Prompt: Would you give again, exactly, the lines running from the line with "Huda Beauty Pretty" to the end of the data below, both included?

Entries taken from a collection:

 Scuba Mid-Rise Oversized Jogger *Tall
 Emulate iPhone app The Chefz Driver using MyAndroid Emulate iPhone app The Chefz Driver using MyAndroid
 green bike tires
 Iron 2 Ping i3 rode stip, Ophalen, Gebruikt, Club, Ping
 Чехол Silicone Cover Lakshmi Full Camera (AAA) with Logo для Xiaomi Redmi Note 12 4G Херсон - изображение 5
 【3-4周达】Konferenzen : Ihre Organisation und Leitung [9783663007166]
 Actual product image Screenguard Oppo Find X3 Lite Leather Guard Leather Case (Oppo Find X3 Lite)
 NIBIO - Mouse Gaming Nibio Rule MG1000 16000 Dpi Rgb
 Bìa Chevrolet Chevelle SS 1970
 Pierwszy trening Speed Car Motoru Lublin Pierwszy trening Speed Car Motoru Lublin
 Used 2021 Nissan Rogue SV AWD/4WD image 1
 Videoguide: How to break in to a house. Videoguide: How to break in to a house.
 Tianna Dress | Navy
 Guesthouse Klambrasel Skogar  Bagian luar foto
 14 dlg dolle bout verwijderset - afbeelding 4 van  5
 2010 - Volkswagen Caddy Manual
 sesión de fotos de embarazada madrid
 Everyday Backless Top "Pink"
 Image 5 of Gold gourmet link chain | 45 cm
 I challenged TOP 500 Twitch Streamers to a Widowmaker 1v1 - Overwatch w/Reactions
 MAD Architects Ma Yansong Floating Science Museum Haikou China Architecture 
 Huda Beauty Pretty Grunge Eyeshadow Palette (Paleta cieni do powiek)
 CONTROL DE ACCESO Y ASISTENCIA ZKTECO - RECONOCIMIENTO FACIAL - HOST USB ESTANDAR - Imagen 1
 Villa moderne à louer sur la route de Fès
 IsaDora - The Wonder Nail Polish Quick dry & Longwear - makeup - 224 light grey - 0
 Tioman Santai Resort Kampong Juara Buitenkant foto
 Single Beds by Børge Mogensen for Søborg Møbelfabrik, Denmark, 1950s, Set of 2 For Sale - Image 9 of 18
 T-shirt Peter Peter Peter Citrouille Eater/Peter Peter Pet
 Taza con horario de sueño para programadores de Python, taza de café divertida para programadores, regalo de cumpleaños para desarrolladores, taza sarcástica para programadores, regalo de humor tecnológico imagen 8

Written response:
 Huda Beauty Pretty Grunge Eyeshadow Palette (Paleta cieni do powiek)
 CONTROL DE ACCESO Y ASISTENCIA ZKTECO - RECONOCIMIENTO FACIAL - HOST USB ESTANDAR - Imagen 1
 Villa moderne à louer sur la route de Fès
 IsaDora - The Wonder Nail Polish Quick dry & Longwear - makeup - 224 light grey - 0
 Tioman Santai Resort Kampong Juara Buitenkant foto
 Single Beds by Børge Mogensen for Søborg Møbelfabrik, Denmark, 1950s, Set of 2 For Sale - Image 9 of 18
 T-shirt Peter Peter Peter Citrouille Eater/Peter Peter Pet
 Taza con horario de sueño para programadores de Python, taza de café divertida para programadores, regalo de cumpleaños para desarrolladores, taza sarcástica para programadores, regalo de humor tecnológico imagen 8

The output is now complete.